Der Iran hat unter anderem den Internationalen Pakt über bürgerliche und politische Rechte ratifiziert – ein völkerrechtlich bindender Vertrag. Die iranische Regierung verletzte diesen Vertrag täglich. Was denken Sie wäre eine angemessene Reaktion der Vereinten Nationen und der anderen Vertragsstaate?

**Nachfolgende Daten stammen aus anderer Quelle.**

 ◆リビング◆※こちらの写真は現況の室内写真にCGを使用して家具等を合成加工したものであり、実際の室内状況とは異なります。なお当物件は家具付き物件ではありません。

Zu aller erst sollte öffentliche bekannt gemacht werden, wie sehr die Menschenrechte im Iran verletzt werden und dass die iranische Regierung somit nicht an ihre internationalen Verpflichtungen bricht. Es wurden bereits einige UN-Resolutionen zu Menschenrechtsverletzung im Iran verabschiedet, die letzte im Dezember 2010. [UN-Generalsekretär] Ban Ki Moon wurde aufgefordert in drei Monatsabständen über die aktuelle Menschenrechtsverletzungen im Iran zu berichten.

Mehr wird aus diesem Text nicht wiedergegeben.